Calls for a new labeling system of animal products in Australia have been rejected in line with welfare standards.

The Australian Competition and Consumer Commission (ACCC) denied the certification trademark (CTM) application for ‘certified humane’ labels.

This was partially because it ruled this would mislead consumers.

‘Humane’ labeling rejected

US-based Humane Farm Animal Care made the CTM application, in hopes of bringing the label to Australia. The firm claims to work towards improving the lives of farm animals with strict standards.

However, it was rejected following intervention from animal rights organizations including PETA Australia.

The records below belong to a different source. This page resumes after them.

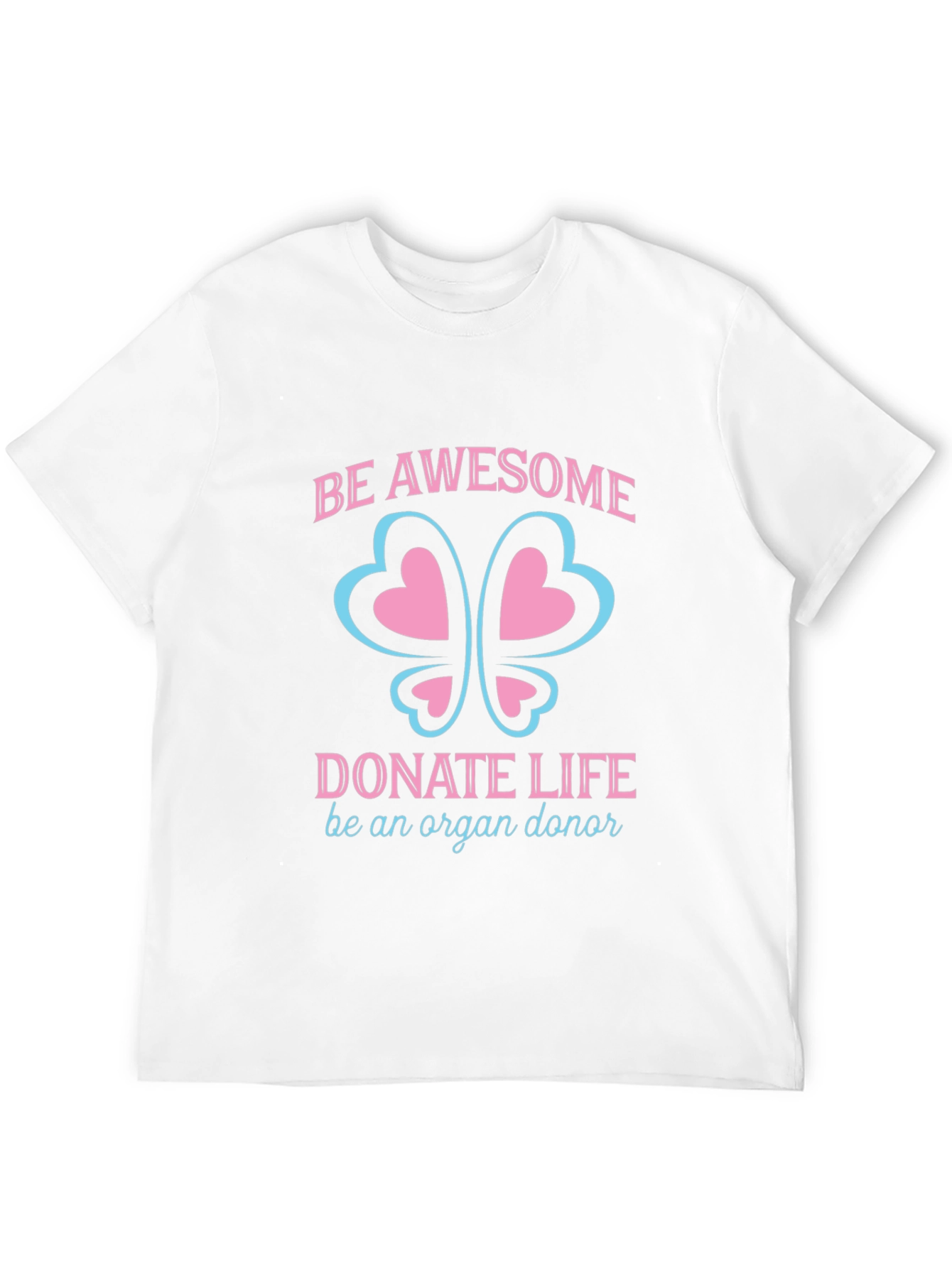 Black Be Awesome Donate Life Organ Donor T-Shirt view 12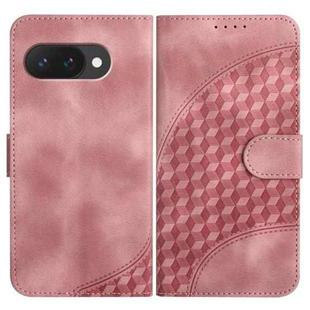 For Google Pixel 9a Elephant Head Embossed Phone Leather Case with Lanyard(Pink)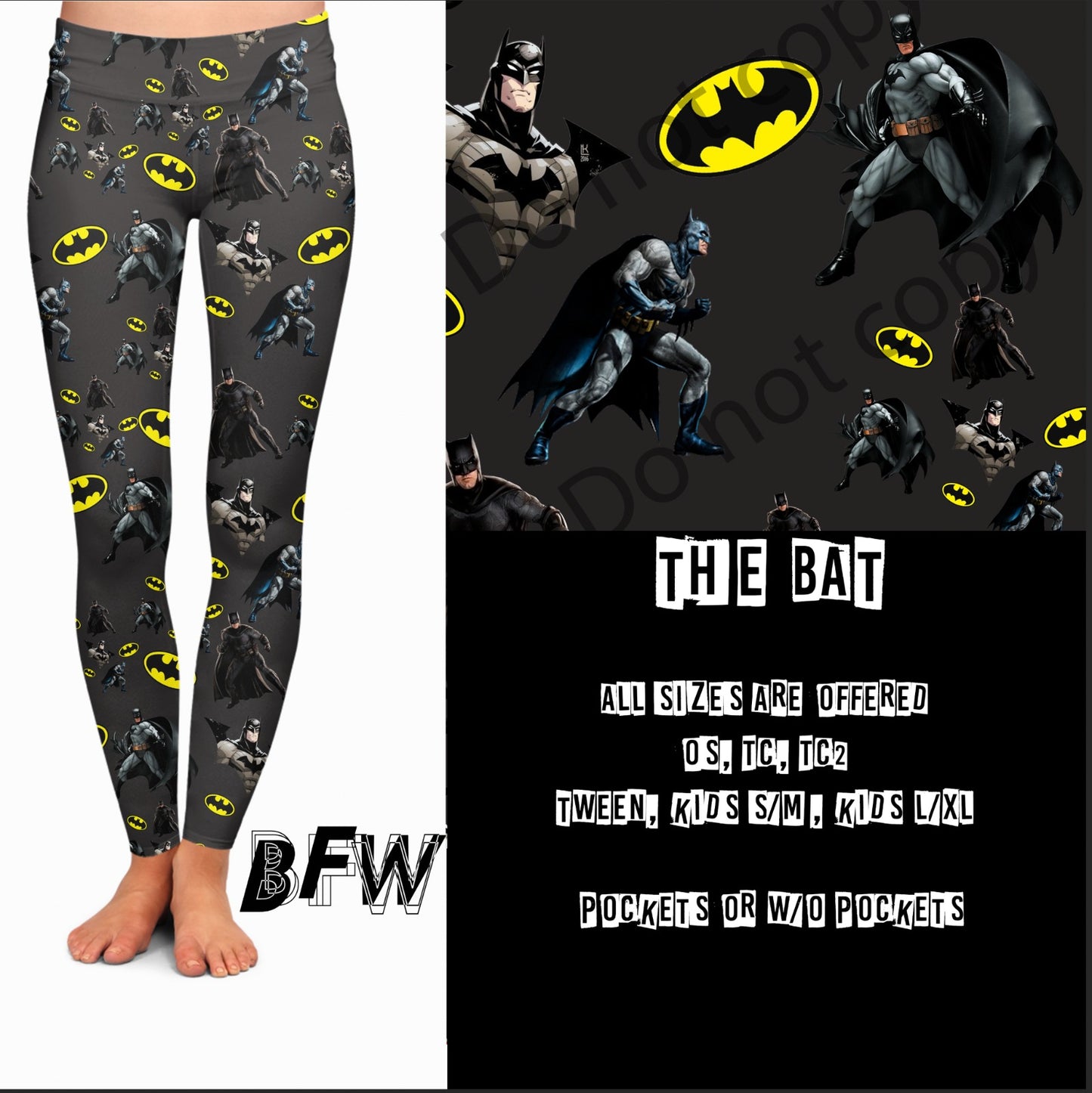 The Bat leggings, joggers, loungers, and 4"-7" jogger shorts with pockets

‘For consumers, the term humane conjures up images of animals enjoying happy lives and enduring minimal suffering during the slaughter process.

‘However, even if welfare guidelines were strictly followed, these idyllic visions wouldn’t align with the reality of contemporary animal agriculture’, PETA claim.

In response to the application, PETA outlined how ‘no process’ of slaughter is ever ‘humane’.

Currently, welfare standards include the trimming of hens’ beaks so they don’t peck each other, as well as cramped cages for farmed pigs.

Welfare standards

The ACCC rejected the CTM partially due to fears consumers would be mislead. Australian producers have to meet welfare standards already, it claimed.

Upon making its final decision, the organization outlined that Australian consumers have ‘particular’ regard to animal welfare and that ‘humane’ treatment of animals was too difficult to define.

‘Consumers may incorrectly assume that produce that does not bear any mark may not have been produced humanely. Even though producers may have met strict animal welfare requirements’, it added in a statement.